For many of us it is difficult to live honestly from this place of failure and weakness. Even if we know with our heads we should, we may still slip back into the old attitudes and behave as though God were expecting us to succeed and making his love conditional upon our achievements. If we have become hardened in such an attitude it may take some deep experience of failure to disabuse us. When a crisis occurs I may find in myself the sheer moral impossibility of obeying God. It is not simply a matter of emotional rebellion, or of knowing that "the spirit is willing but the flesh is weak"; the will itself is unwilling. I am rebellious to the core and do not even want to want God's will. Perhaps I can push it one stage further from me, and say with a kind of tortured effort, "I want to want to want your will," and then ask myself if there is even a grain of honesty or good will in that. I am helpless; and as the father of the epileptic boy cried out to Jesus, "I do believe, help my unbelief," so I can only say to God, "I am rebellious down to my roots, help me."

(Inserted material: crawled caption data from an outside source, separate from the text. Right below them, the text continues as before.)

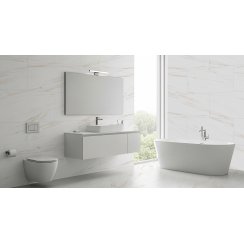 Gold Marmi Statuario Polished 60cm x 120cm Wall and Floor Tile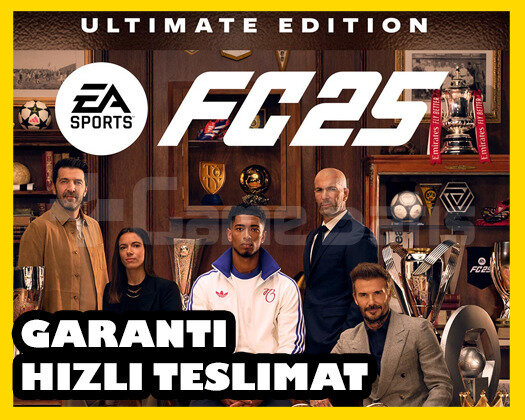FC 25 Ultimate Edition + 2 Oyun + Garanti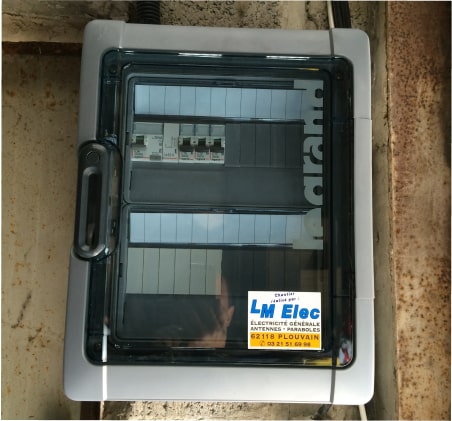 Electricité à Arras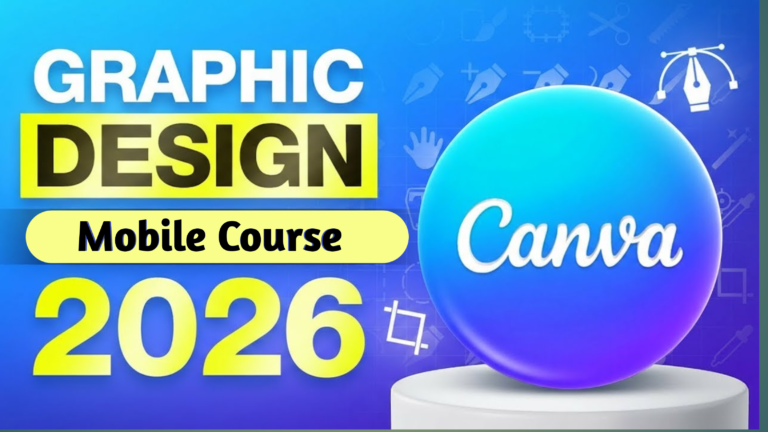Canva Mobile Graphic desing 2026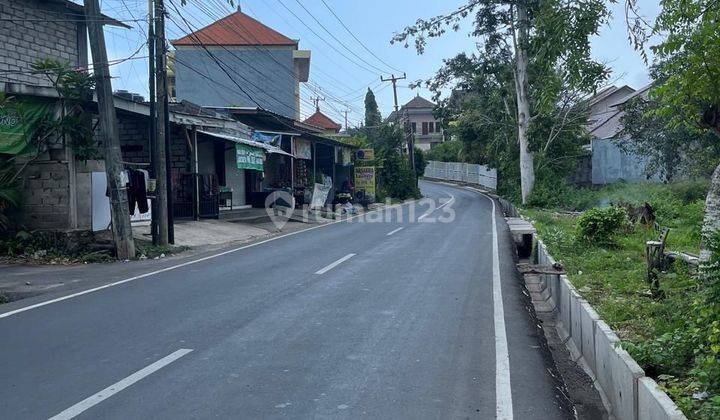 Land for Sale in Prime Location on Telaga Sari Street, Ungasan 1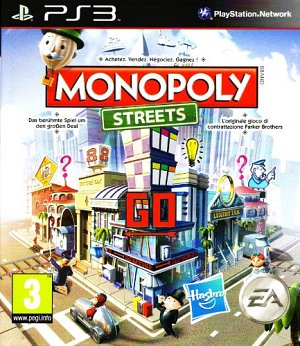 Monopoly Streets [Sony PlayStation 3]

Here, as we teeter on the edge of despair, beset by every kind of temptation and feeling as though we had already fallen, the Spirit is released. This is his own place, the deepest place of our being where he is wedded to our spirit, where he can act and give life, where he can free us from all that hampers the true thrust of our will. God himself creates our freedom; he gives us freedom as his continuing gift of love, and he alone can influence it from within, in no way violating or diminishing it. Entombed Lazarus is a sign not simply of a certain group of people who have obviously closed their hearts against Jesus, but of each one of us. In this hopeless situation, where you are nothing but stark failure, you know the miracle of grace. This tomb is the place of resurrection, and if you believe, you will see the glory of God.

(Maria Boulding OSB, Gateway to Hope, London 1985, pp.109 - 10)

He's actually really good at this 'right time, right place, right words' thing.